(Required work)
Each line from the one with "Retroviseur droit FORD FIESTA 5" through the end of the records below should be transcribed exactly, and each picture should be skipped.

====== The input

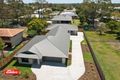 Property photo of 1/32 Oregon Drive Shailer Park QLD 4128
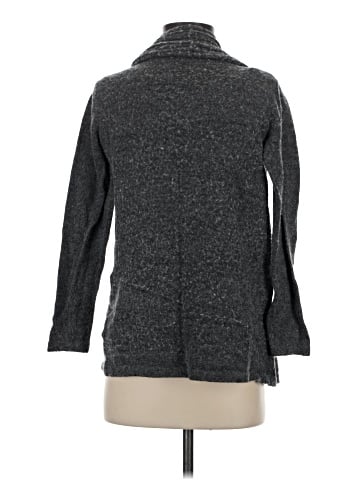 Novica Cardigan (view 2)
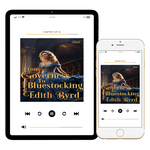 From Governess to Bluestocking [AUDIOBOOK]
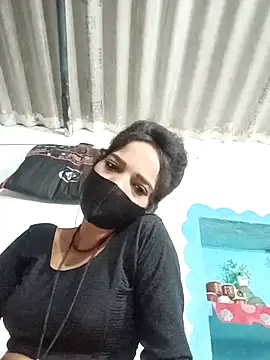 Bebby Doll online show from October 2025 04:43:02 AM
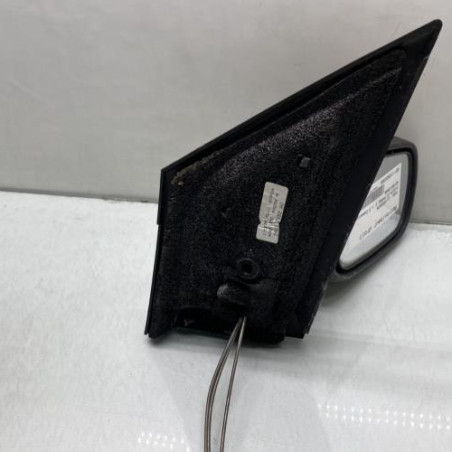 Retroviseur droit FORD FIESTA 5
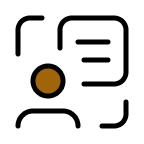 Thumbnail of Data Analyst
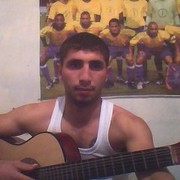  ,   DAVID, 36 ,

============

(Solution for this problem)
 Retroviseur droit FORD FIESTA 5
 Thumbnail of Data Analyst
  ,   DAVID, 36 ,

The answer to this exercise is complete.